In August, Mr. Trump removed the United States from the Intermediate-Range Nuclear Forces Treaty, claiming that Russia had developed weapons in violation of the agreement (a charge denied by Russia but echoed by other member nations of NATO). Now, one of the few remaining arms control agreements that limit the arsenals of the two Cold War powers—New START, signed into law by President Obama in 2010—is in jeopardy.

The treaty expires in February 2021 and would take years of negotiations to revise. The deal that Russia very much wants is to extend the treaty for five years, which requires only the mutual agreement of both presidents. Mr. Trump’s negotiating team has not responded to Russia’s offer, as the president appears to want a more ambitious trilateral deal that involves China—a deal that does not interest China. However worthy that goal may be, Mr. Trump should not risk allowing New START to expire as the world teeters on the brink of a new nuclear arms race.

Mr. Trump should not risk allowing New START to expire as the world teeters on the brink of a new nuclear arms race.

This slow-walking by the Trump administration is emblematic of a wider lack of urgency in the United States about the threat posed by nuclear weapons. Following Mr.
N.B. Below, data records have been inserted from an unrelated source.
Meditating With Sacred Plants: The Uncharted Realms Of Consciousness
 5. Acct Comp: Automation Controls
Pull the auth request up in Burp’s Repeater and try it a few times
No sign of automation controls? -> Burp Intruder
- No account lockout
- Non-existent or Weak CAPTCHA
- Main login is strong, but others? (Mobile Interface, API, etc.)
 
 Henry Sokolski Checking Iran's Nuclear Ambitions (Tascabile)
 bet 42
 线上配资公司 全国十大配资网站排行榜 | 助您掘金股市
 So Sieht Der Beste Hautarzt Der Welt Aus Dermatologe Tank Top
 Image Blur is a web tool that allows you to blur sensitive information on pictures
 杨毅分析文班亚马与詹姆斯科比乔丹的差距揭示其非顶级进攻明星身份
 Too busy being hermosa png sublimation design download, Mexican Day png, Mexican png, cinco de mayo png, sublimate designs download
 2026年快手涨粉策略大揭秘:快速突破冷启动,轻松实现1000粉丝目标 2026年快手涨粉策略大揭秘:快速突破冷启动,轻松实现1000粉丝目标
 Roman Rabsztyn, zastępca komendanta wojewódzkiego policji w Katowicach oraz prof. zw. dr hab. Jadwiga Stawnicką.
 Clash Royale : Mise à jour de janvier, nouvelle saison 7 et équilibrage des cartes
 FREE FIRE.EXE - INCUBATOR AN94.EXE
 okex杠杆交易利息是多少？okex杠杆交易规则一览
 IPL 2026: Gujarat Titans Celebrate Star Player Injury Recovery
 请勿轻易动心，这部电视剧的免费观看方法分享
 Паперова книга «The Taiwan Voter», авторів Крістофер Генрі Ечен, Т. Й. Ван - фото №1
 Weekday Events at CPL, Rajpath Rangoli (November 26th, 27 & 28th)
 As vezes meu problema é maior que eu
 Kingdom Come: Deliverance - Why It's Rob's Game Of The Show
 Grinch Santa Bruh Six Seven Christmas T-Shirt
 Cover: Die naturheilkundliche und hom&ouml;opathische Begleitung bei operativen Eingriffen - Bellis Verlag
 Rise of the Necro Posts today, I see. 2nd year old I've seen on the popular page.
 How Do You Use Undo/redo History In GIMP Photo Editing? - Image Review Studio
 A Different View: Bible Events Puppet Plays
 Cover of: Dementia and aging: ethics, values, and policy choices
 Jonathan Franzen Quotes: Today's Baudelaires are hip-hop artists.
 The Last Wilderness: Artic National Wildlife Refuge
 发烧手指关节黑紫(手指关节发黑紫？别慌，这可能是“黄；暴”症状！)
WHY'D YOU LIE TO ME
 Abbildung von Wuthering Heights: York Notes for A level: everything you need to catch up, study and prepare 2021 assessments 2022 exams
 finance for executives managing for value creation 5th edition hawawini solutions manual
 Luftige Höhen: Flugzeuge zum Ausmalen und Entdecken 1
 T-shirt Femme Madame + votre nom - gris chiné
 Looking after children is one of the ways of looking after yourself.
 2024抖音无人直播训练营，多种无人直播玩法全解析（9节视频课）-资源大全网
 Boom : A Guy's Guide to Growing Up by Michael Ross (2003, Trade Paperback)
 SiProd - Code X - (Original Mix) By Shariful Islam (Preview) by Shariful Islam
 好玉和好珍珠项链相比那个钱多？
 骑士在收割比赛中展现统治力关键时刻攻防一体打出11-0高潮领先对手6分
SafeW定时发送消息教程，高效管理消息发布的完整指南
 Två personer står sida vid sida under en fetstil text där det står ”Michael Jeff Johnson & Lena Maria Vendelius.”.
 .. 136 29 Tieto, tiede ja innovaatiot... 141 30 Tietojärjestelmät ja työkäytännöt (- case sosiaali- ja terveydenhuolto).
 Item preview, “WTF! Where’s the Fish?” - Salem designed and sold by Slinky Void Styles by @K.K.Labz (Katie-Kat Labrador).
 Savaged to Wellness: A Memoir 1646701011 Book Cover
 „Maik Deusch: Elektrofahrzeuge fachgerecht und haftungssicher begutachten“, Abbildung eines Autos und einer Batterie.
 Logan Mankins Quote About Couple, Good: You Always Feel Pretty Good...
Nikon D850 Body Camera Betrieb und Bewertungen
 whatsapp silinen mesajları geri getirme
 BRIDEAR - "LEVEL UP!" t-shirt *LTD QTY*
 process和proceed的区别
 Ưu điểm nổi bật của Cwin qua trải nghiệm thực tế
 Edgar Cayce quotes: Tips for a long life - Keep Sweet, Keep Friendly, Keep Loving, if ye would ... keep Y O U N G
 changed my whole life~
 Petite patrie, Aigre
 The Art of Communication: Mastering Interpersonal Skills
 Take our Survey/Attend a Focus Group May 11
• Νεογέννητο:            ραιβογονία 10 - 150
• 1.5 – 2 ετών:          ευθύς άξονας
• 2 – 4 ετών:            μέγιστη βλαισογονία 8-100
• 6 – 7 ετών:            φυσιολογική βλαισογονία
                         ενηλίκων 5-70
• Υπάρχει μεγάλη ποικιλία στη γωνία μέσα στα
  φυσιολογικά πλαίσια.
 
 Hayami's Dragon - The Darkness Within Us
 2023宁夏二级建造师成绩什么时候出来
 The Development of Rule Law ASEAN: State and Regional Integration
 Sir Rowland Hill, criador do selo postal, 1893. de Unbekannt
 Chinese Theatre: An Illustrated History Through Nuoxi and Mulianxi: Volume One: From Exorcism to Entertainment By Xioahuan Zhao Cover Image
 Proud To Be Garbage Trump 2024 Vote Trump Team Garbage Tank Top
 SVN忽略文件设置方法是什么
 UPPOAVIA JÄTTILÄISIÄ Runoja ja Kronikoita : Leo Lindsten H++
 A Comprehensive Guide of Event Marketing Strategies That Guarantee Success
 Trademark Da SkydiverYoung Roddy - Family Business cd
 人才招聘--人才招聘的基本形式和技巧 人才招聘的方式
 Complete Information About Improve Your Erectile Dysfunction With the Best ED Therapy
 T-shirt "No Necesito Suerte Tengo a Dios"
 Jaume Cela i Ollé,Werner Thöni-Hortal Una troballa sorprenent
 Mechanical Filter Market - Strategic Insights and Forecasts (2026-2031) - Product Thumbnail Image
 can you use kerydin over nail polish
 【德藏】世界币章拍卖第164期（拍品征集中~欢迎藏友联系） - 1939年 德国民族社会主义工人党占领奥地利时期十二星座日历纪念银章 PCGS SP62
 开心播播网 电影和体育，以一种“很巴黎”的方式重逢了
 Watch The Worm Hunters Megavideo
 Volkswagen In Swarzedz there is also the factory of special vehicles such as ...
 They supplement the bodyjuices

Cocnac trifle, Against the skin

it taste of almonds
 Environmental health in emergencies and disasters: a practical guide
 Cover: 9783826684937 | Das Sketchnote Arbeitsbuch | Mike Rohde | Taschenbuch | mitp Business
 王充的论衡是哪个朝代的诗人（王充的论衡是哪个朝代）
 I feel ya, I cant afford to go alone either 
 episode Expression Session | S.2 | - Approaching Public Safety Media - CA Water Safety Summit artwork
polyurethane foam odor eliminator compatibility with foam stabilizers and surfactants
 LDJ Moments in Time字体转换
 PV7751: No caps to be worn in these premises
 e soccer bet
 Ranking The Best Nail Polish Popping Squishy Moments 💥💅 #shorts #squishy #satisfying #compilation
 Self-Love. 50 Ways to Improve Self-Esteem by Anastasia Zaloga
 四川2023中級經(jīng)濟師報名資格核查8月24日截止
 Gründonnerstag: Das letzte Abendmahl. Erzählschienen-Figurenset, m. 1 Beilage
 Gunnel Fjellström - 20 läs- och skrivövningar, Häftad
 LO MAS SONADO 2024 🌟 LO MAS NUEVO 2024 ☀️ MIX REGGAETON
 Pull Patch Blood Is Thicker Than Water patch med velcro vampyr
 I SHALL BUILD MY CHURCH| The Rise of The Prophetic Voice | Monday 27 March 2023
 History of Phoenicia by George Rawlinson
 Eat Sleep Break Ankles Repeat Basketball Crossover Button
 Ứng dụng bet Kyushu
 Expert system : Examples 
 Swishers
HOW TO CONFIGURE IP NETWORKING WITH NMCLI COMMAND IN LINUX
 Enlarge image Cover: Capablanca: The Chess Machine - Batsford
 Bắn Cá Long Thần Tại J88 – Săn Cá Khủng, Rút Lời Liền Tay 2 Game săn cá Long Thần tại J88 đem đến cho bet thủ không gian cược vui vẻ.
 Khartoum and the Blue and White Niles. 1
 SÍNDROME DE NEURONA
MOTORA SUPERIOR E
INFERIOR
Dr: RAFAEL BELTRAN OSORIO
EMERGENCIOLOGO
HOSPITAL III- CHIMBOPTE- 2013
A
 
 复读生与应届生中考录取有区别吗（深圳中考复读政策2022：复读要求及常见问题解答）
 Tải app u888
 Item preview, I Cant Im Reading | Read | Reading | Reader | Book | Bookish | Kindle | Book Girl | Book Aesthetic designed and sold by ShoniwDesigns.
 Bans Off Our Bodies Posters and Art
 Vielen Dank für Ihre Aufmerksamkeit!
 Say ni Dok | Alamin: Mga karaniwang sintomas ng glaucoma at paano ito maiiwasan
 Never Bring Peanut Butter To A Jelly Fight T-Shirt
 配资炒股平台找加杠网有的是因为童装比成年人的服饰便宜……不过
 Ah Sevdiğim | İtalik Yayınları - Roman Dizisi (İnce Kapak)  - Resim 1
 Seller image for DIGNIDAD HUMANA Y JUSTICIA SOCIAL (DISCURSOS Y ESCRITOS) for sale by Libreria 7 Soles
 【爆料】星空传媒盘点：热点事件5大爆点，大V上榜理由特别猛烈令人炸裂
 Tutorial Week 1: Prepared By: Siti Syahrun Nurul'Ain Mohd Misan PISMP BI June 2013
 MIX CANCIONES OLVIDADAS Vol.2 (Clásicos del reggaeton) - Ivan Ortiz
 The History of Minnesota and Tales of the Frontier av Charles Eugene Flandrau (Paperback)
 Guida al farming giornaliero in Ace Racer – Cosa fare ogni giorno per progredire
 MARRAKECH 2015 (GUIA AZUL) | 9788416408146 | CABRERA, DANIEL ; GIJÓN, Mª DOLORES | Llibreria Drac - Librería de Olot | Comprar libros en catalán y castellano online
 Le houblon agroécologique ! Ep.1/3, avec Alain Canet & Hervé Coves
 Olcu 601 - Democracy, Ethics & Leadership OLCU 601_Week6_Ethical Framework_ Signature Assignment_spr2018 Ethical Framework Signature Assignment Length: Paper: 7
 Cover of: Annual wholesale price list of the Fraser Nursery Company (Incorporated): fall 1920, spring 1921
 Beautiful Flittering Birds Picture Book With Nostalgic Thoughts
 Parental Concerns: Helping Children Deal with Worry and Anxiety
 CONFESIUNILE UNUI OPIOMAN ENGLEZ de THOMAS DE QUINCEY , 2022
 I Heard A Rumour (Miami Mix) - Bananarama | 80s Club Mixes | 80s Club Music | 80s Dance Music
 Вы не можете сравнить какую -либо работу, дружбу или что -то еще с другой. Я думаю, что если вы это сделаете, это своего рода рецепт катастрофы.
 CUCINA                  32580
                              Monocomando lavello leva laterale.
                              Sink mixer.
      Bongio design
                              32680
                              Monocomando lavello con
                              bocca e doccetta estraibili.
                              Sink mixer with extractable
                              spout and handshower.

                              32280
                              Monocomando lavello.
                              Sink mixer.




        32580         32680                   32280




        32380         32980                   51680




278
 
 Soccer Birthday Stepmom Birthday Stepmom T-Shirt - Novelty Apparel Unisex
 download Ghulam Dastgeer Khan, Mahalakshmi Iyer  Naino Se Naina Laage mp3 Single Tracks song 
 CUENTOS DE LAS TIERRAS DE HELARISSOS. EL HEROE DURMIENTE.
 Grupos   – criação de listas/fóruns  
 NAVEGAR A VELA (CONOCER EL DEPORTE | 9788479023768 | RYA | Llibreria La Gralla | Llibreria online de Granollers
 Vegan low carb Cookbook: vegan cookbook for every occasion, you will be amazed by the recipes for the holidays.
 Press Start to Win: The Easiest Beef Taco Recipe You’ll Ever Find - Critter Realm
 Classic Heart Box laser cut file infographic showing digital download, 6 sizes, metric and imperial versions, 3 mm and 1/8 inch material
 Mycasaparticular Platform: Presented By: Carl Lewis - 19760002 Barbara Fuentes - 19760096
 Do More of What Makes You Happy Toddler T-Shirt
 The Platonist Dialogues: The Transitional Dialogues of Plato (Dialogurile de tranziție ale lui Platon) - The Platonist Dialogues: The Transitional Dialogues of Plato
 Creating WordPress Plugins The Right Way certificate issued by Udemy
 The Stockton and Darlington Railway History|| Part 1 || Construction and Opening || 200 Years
Trump’s withdrawal from the I.N.F. treaty, George Shultz, who served as President Reagan’s secretary of state, said, “When something like the I.N.F. goes down the drain almost like nothing, it shows you the degree to which people have forgotten the power of these weapons.” It is, in a way, understandable. Amid global threats like climate change and more immediate dangers like mass shootings, Americans have plenty of other concerns to keep them up at night.

But as Pope Francis forcefully reminded the world during his trip to Japan, not only the use but the very possession of nuclear weapons remains an existential threat to humanity and a moral stain on the countries that deploy and stockpile them. (The United States has over 4,000 nuclear warheads in its arsenal.) “Peace and international stability are incompatible with attempts to build upon the fear of mutual destruction or the threat of total annihilation,” the pope said.

Pope Francis: Peace and international stability are incompatible with attempts to build upon the fear of mutual destruction or the threat of total annihilation.

Citizens of the only nation that has used nuclear weapons during wartime do not have the luxury of remaining complacent about the continued existence of these devices. Pope Francis’ words should prick America’s conscience and move us to let go of the false security provided by its arsenal. Upholding New START with Russia is a small but necessary step toward the pope’s vision of a world free of nuclear weapons.